Forte – a place already familiar to Maria – is about twenty miles north of Pisa on the Tuscan coast, below Viareggio, ‘the coast where Shelley was washed up, under the mountains of Carrara, where the marble comes from. It was an incredibly beautiful place then.’9 Today it is a busy resort, its flat, sandy beach – which Lawrence said reminded him of Skegness – crowded in summer with bathers and decked with bright beach huts. Though less developed when Huxley arrived at the end of May, 1921, contemporary photographs show plentiful families on the beach, sheltering under white canvas sun-umbrellas. The little jetty, now purely used for pleasure purposes, was used then to load blocks of marble, brought down on a railway line, to waiting ships. Huxley was fascinated by the ‘enormous white oxen with long horns and melancholy black eyes,’10 which were used to drag the slabs of marble. It was here that Huxley wrote that very English novel, Crome Yellow, in the summer months, from June to August. He wrote to Frank Swinnerton at Chatto: ‘This is a good place: Mediterranean bathing at one’s front door & large mountains entirely constructed of Carrara marble at one’s back. The natives support themselves by carving angels for tombstones, which they then export by the thousands to the U.S.A.’11 For those three months, he established a very regular routine – apart from the setback of an attack of ophthalmia in the middle of July – which he described for the benefit of his father:
The day’s programme here is simple and unvarying. Work in the morning till twelve or half past, then a bathe, then lunch, then a rest till four; then tea and a little more work, till about half past five or six, when one goes out for a walk till dinner time; then reading or work till bed … One has all one’s meals out of doors, wears a shirt, flannel trousers and a pair of sandals and remains a long time in the water without getting cold.12
In short, it would be ‘perfect if we can solve the servant problem’.

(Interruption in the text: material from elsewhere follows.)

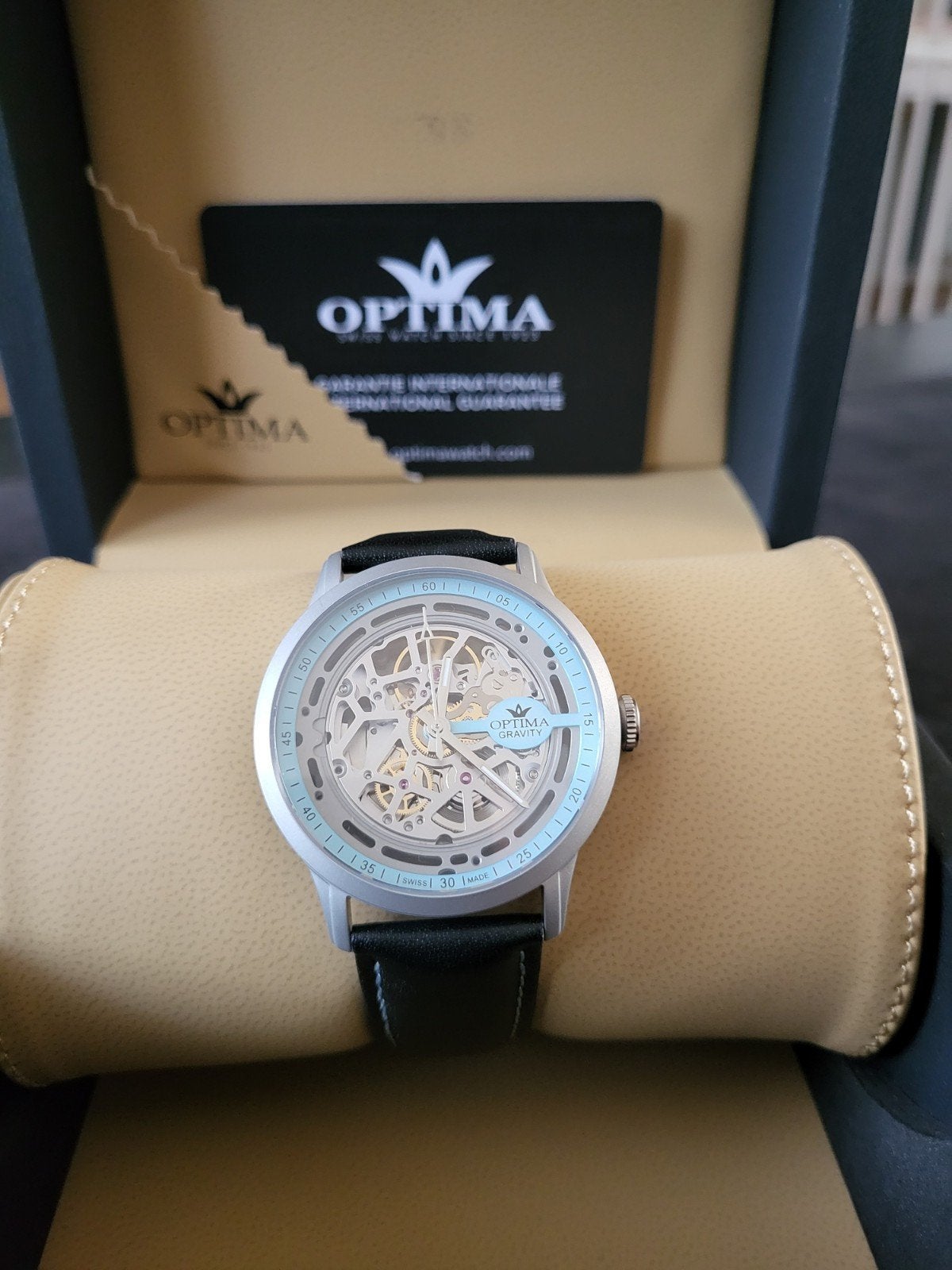 Optima skeleton Horloge (automatic) NIEUW GARANTIE, Overige merken, Leer, Staal, Polshorloge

Throughout the summer, at 29 Viale Morin, a shady street set back from the beach, opposite the Villa Fasola, Huxley worked for five or six hours a day on what he was now describing as ‘my Peacockian novel’ – inspired by the short, witty ‘novel of ideas’ of Thomas Love Peacock (1785—1866), whose sparkling prose and light satiric touch were the perfect model for the young Huxley. Good progress was being made by the middle of July when he wrote to Swinnerton in London proposing a title, Crome Yellow, ‘pleasingly meaningless except in so far as the Peacockian house [Peacock’s novels were invariably set in country houses where the characters have been assembled in order to be put through their conversational paces] in which the scene is laid is called Crome … The book, as I hope you realise, will be fairly short: for the Peacockian novel is not a form that can go to great lengths. About 50,000 words, I think it will work out. I can see a smallish book of rather pleasant form – with perhaps a crome yellow binding to carry out the hint of the title [a suggestion that was taken up by Chatto].’13 On 28 July, barely two months after starting, Huxley mailed off the first 30,000 words with the promise that another 20,000 would follow in ten days or a fortnight. His typewriter, ‘the sole stay and comfort of my life’,14 had broken down at the revision stage – the first draft seems to have taken about eight weeks – and Huxley was worried that the rough script with handwritten additions would be illegible.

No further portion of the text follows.